Short web captions

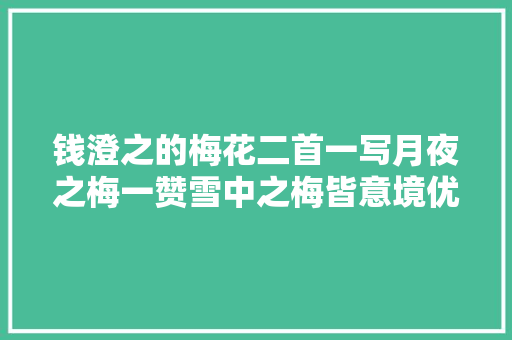 钱澄之的梅花二首一写月夜之梅一赞雪中之梅皆意境优美
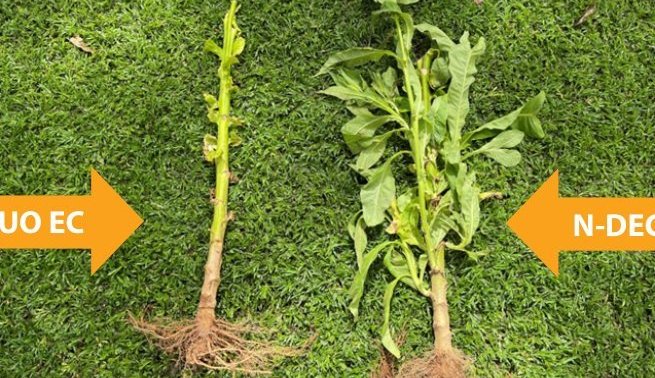 Two tobacco plants side by side after suckericide treatment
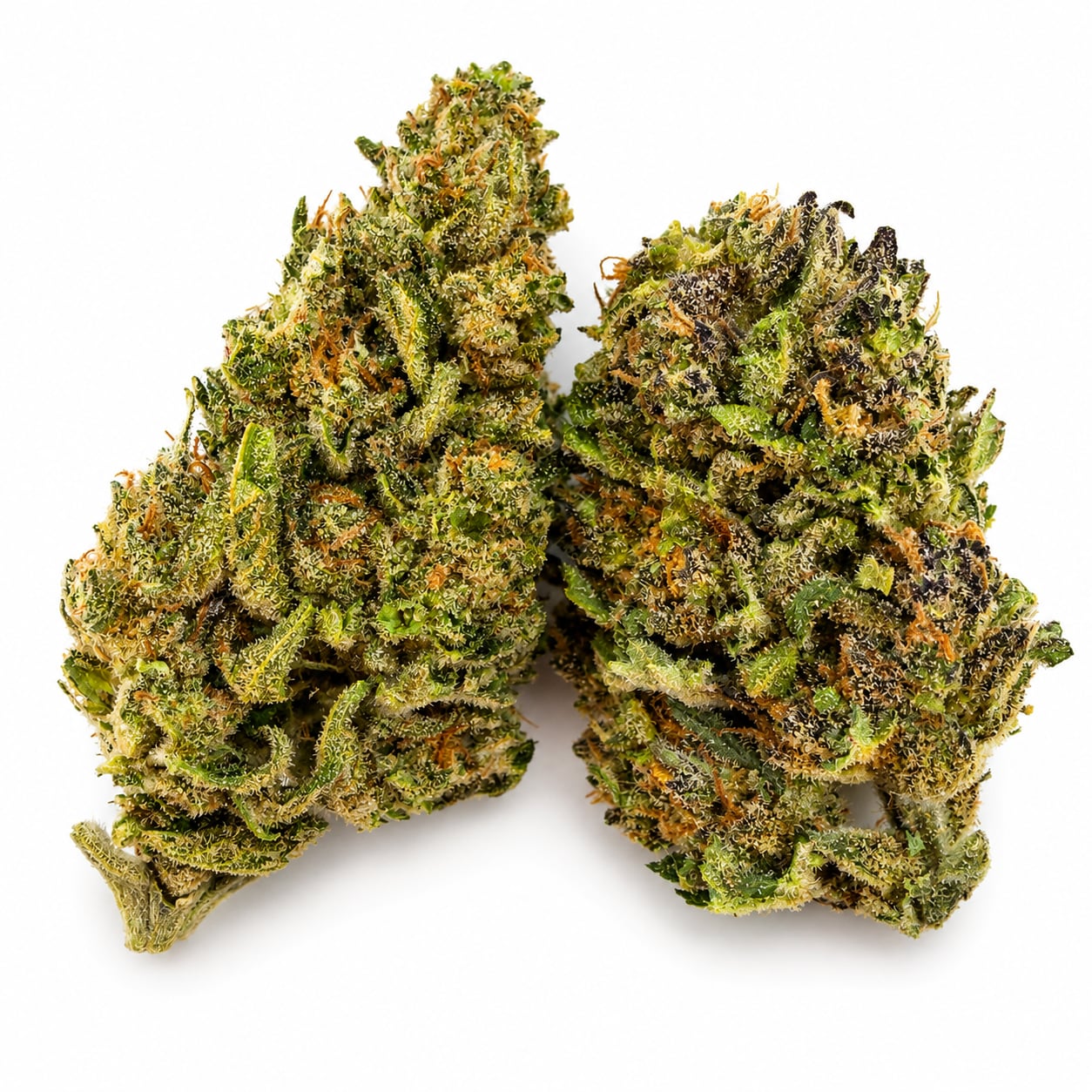 Skittz pop — view 2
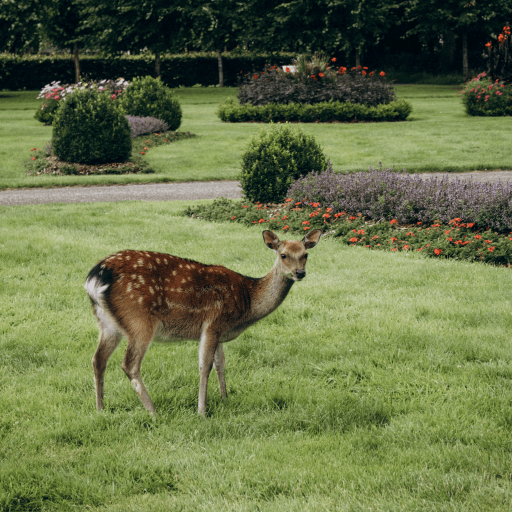 Domaine de la Bretesche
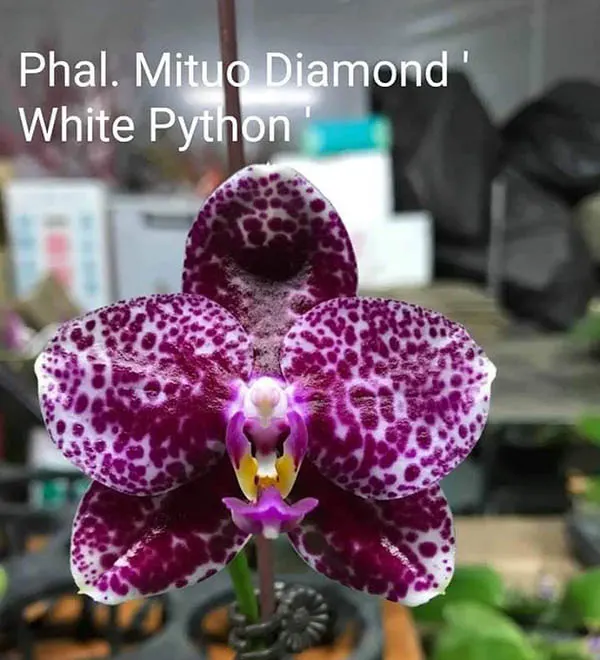 Phalaenopsis Mituo Diamond 'White Python'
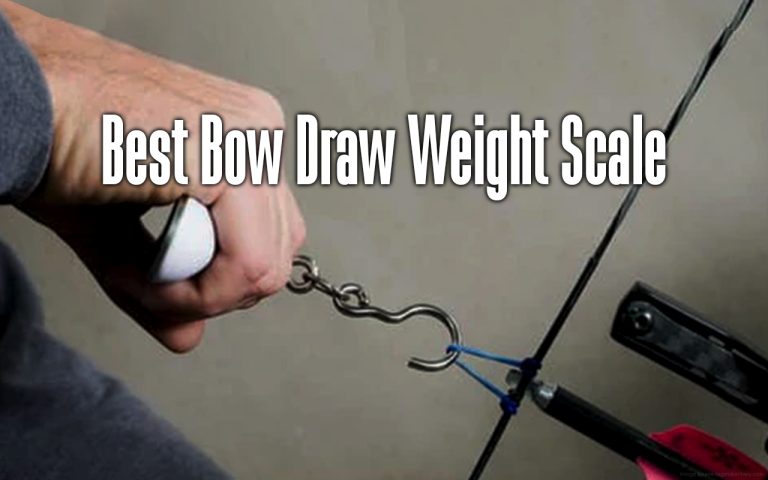 Best Bow Draw Weight Scale 2024 - Boss Targets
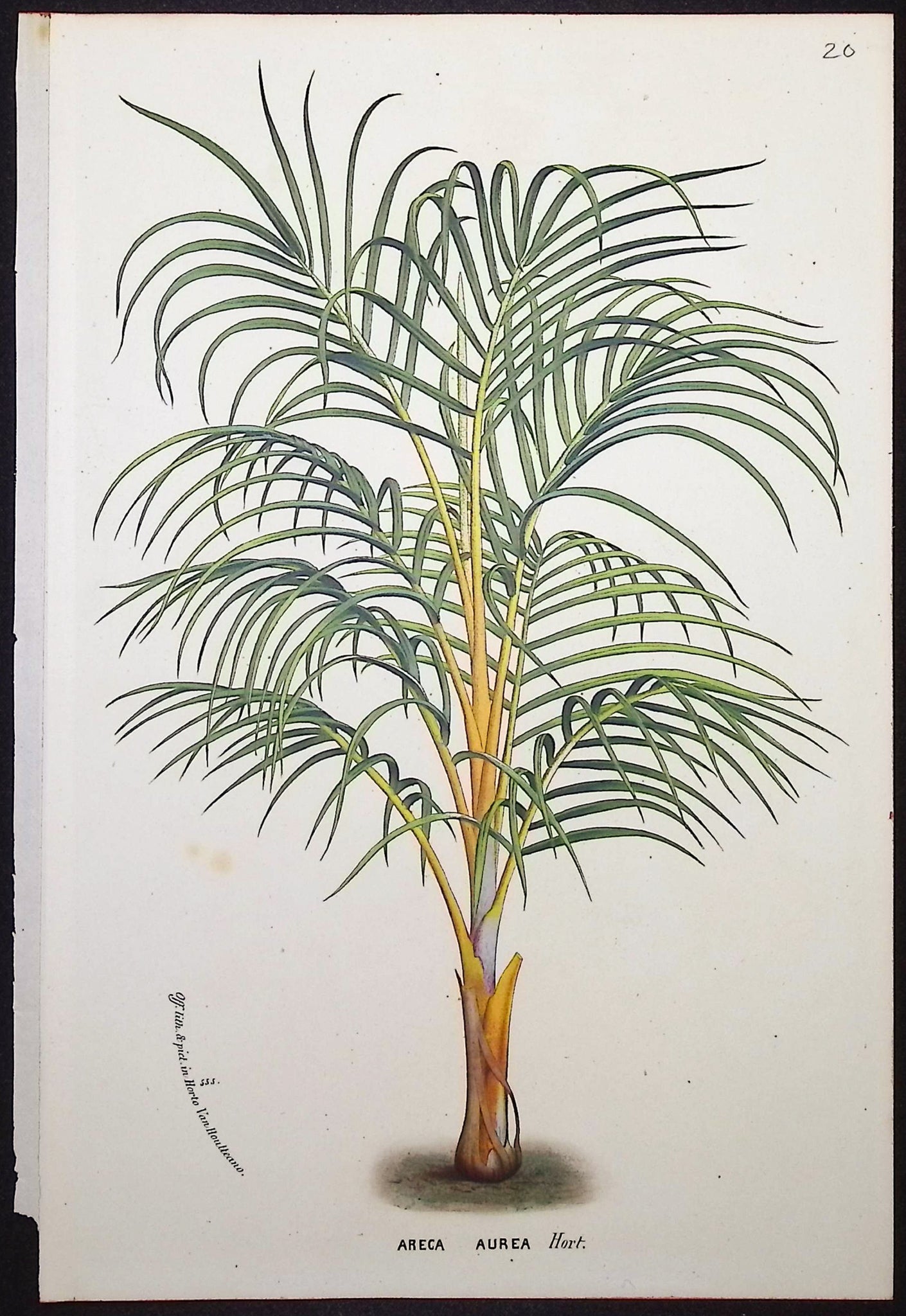 Palm Tree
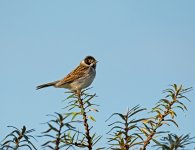 DSC_0927.jpg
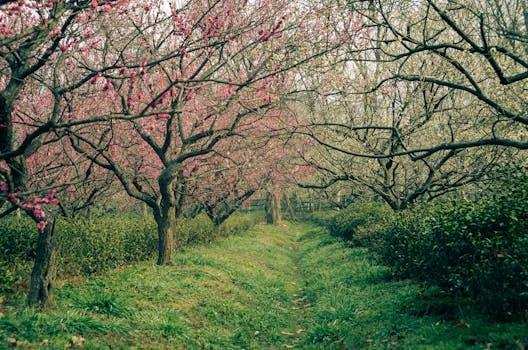 房产政策温暖民心；绍兴多措并举助力安居梦，一线劳动者与多孩家庭同受益。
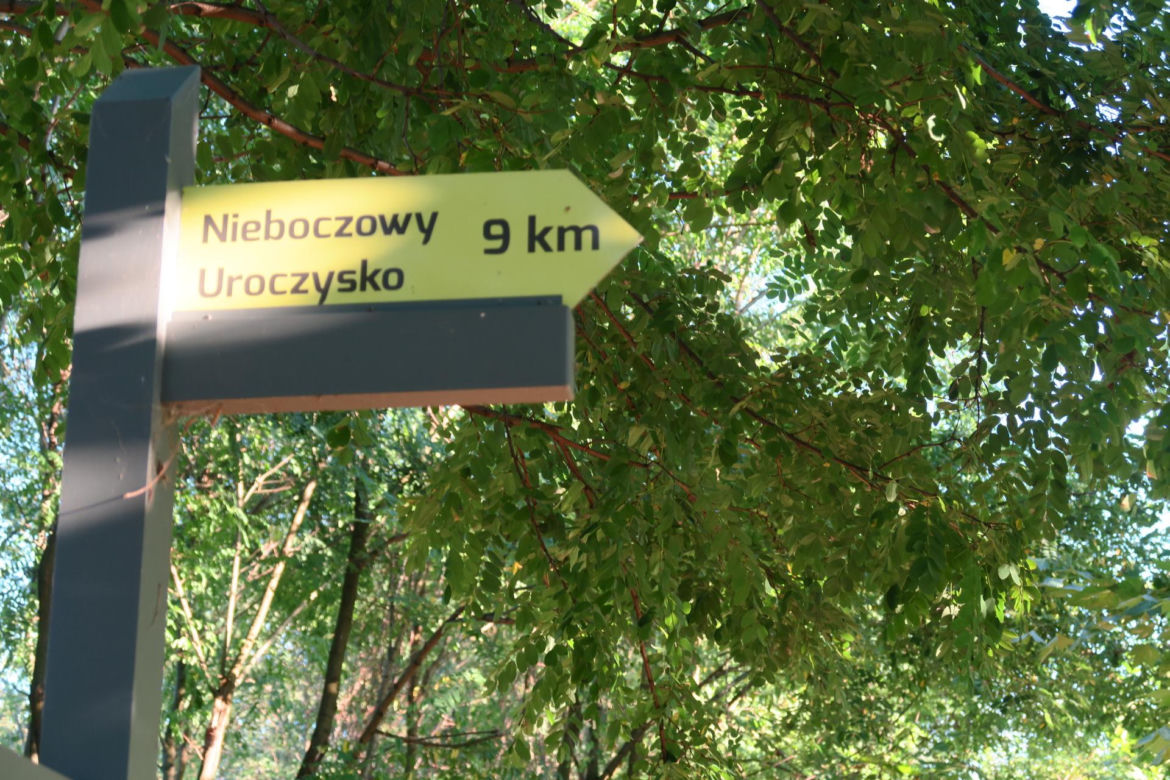Wysiedlili ludzi, by ratować ich życia przed wielką wodą. „Za metr ziemi płacili jak za butelkę piwa”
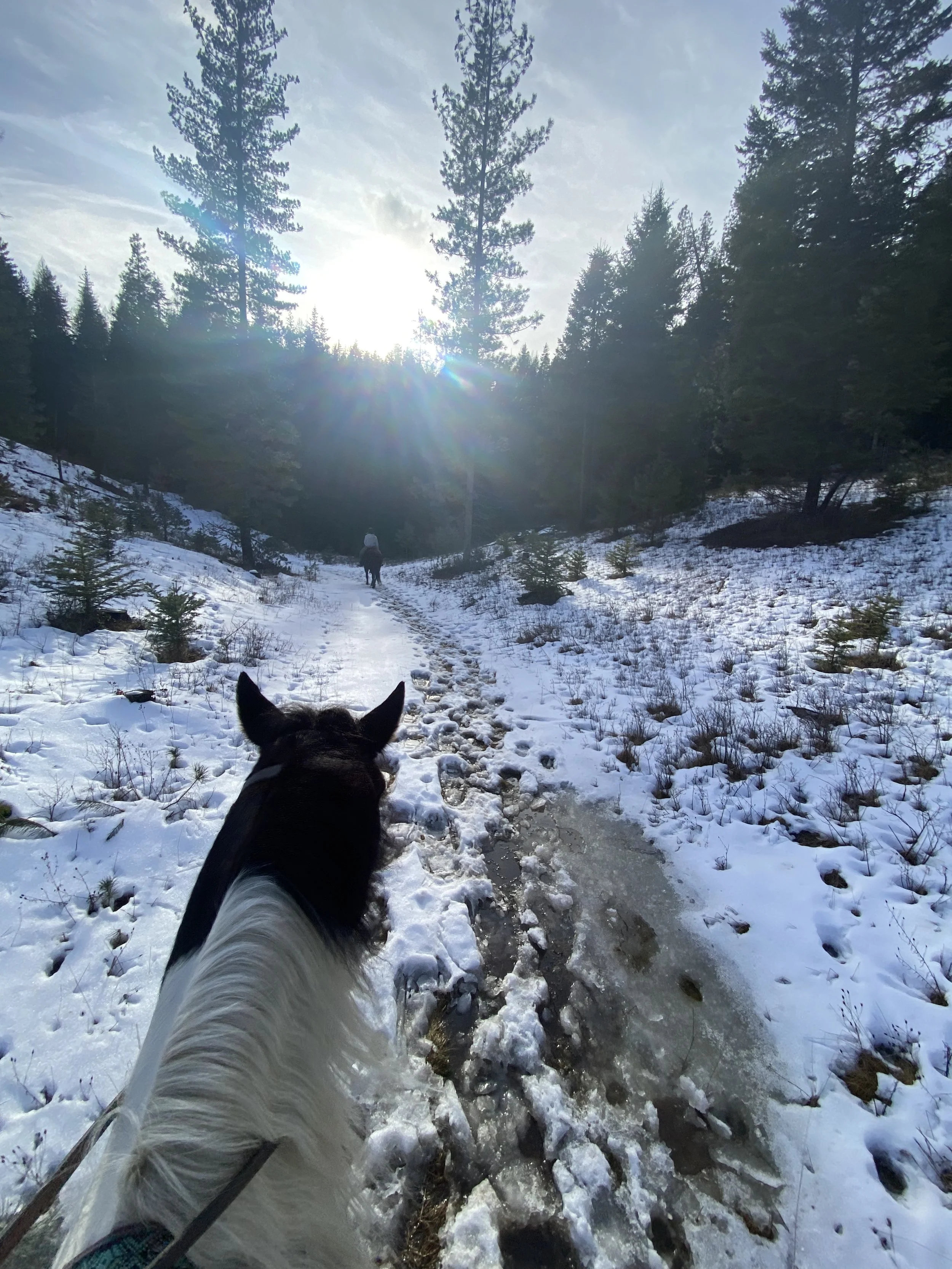 Photo Feb 26 2025, 3 33 31 PM.jpg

*Assignment*:
Nothing but the lines from the one that contains "Phalaenopsis Mituo Diamond 'White Python'" through the last line of the records belongs in the answer, reproduced exactly, with no pictures.

*Solution to this exercise*:
 Phalaenopsis Mituo Diamond 'White Python'
 Best Bow Draw Weight Scale 2024 - Boss Targets
 Palm Tree
 DSC_0927.jpg
 房产政策温暖民心；绍兴多措并举助力安居梦，一线劳动者与多孩家庭同受益。
Wysiedlili ludzi, by ratować ich życia przed wielką wodą. „Za metr ziemi płacili jak za butelkę piwa”
 Photo Feb 26 2025, 3 33 31 PM.jpg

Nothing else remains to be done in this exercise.